Ford quiere fabricar coches como si fueran legos gigantes: dos piezas de aluminio lo bastante grandes como para engullir la mitad del chasis. El invento se llama Universal EV Production System y promite sacar una pick-up eléctrica por 30.000 dólares en 2027. La moraleja llega antes que el vehículo: cuando cambias la cadena de montaje que Henry Ford inventó en 1913, los costes se desploman… o estallan en la cara del cliente.

Un casting que lo aguanta todo

La receta es simple: en vez de soldar cien piezas pequeñas, la marca funde dos «unicastings» que engloban delantera y trasera. Menos tornillos, menos robots, menos tiempo. El ensamblaje pasa de línea recta a tres ramas que convergen como un árbol. El resultado: menos estaciones, más velocidad, margen bruto que deja de sangrar. El problema: si un conductor da un topetazo, el taller no cambia un guardabarros; cambia media carrocería.

Jim Farley repite el mantra interno: «Diseñamos pensando en la reparación». Pero los concesionarios ya calculan. Un casting de aluminio de 700 dólares suma 2.000 en mano de obra especializada. Y ahí entra Ford Pro, la gallina de los huevos de oro: 150.000 furgonetas y pick-ups que las flotas renovarían cada tres años si los números cuadran. La pregunta que circula en Dearborn es cuántas empresas apostarán por un vehículo que encarece el seguro y el valor residual.

El fantasma chino que empuja

El fantasma chino que empuja

Pekín ya anuncia coches eléctricos por 20.000 euros en puerto mexicano.
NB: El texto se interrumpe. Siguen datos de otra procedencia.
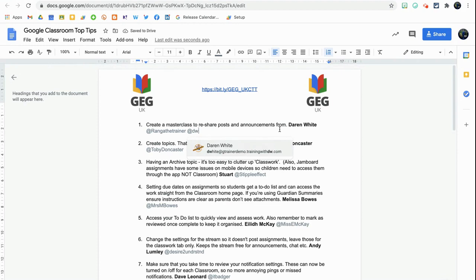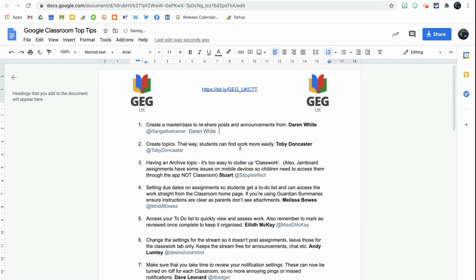I'm going to tag Darren White in here — he's my good friend from GEG UK. I'm going to select Darren's email address by clicking on it, and you'll see his name now appears within a little round bubble.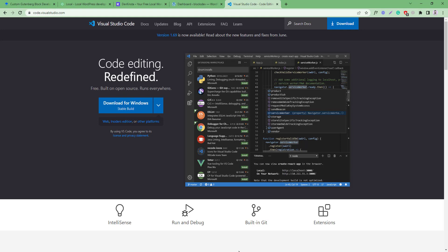So this was our basic setup to start developing our custom Gutenberg block. I hope you have understood the matter. If you have any more questions, please let me know so that I can explain the issue. Thank you.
La respuesta de Ford no es solo tecnología; es desesperación. El sistema de árbol de ensamblaje copia la hoja de ruta que Tesla empezó a pulir en 2020, pero lo hace con la escala de un gigante oxidado: 65 millones de vehícules históricos en carretera y una red de proveedores que factura 120.000 millones al año.

La apuesta arranca en Ohio, donde los sindicatos ya negocian cómo se reclasifican los puestos. El cambio elimina 30 % de mano de obra por turno. El convenio vence en 2028, justo cuando la pick-up de 30.000 dólares deba salir de la línea. Coincidencia, dicen. Negociación, dicen otros.
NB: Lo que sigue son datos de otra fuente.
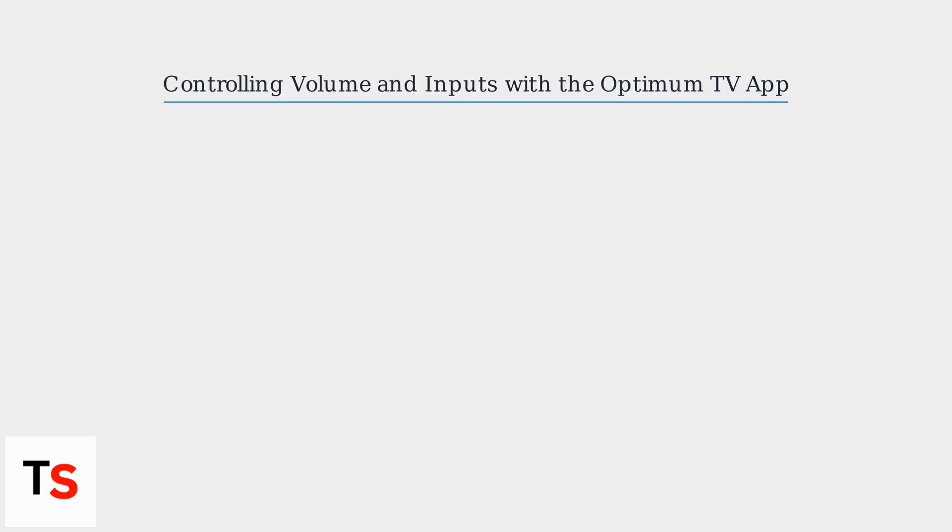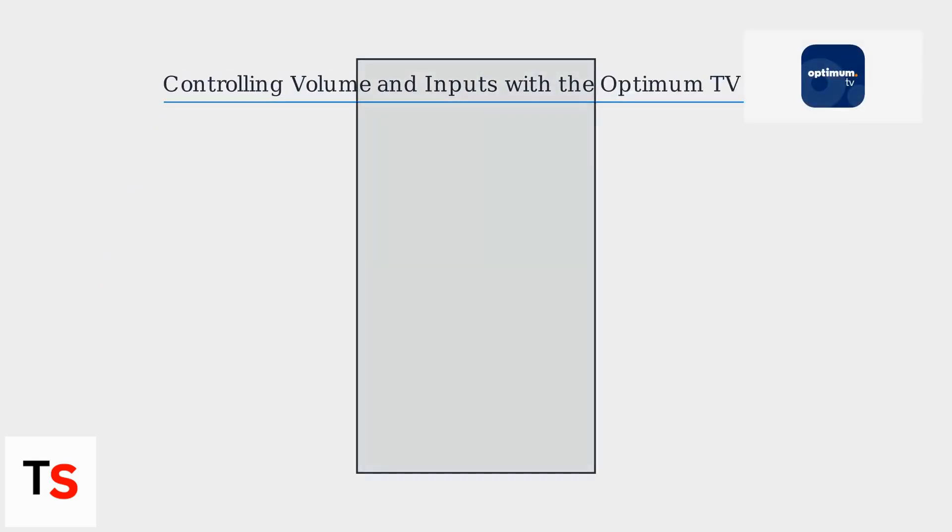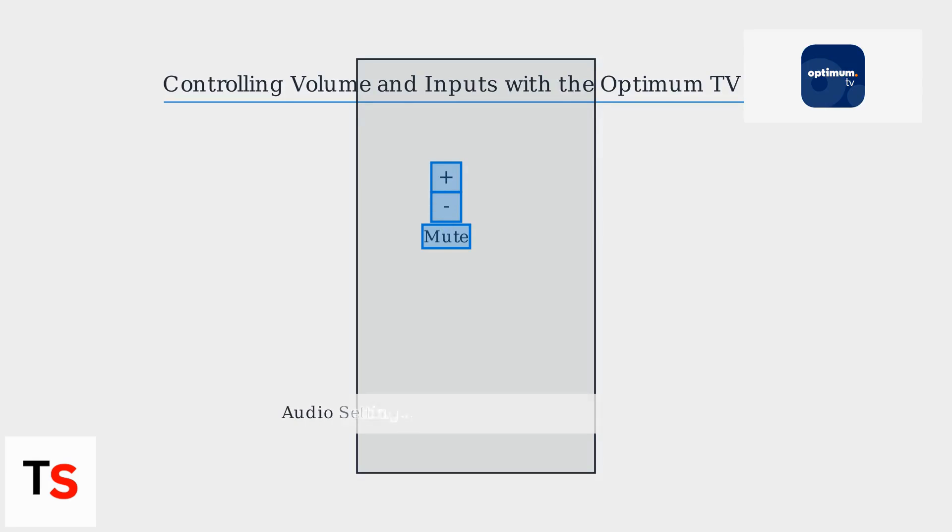Once paired, the Optimum TV app lets you adjust the volume and switch inputs just like a regular remote. To control the volume, simply tap the plus or minus icons on the app's remote interface. You can also access advanced controls and sliders in the audio settings menu. Muting is just a tap away.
Wall Street no se fía: el dividendo rinde 5,28 % porque el accionista prefiere cobrar antes que confiar. El título cotiza a 11,34 dólares, 3 veces beneficios, pero el flujo libre apenas cubre la deuda que Ford contrajó para financiar esta revolución. El mercado castiga cualquier titular que suene a recall o a coste oculto.
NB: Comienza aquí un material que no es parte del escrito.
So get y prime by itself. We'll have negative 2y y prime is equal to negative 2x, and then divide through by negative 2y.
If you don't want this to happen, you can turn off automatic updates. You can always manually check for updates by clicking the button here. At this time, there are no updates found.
La lección de Major League Baseball —reloj de lanzamiento que acortó partidos y dejó a los vendedores de cerveza con la jaula baja— persigue a Ford. La historia repite: innovar sin medir quién paga la rotura puede convertirse en un boomerang de aluminio que vuelve a toda velocidad contra la propia marca.

Ford lo sabe. Por eso los técnicos ya ensayan soldaduras frías que permitan cortar un unicasting por la mitad y repararlo por 400 dólares. Si lo logran, la ventaja china se reduce a ceniza. Si fallan, la factura del taller será el argumento que utilicen los fleet managers para firmar con BYD o Saic. El reloj corre como en el beisbol, pero aquí el precio no es una cerveza menos: es un mercado de 900.000 millones en juego.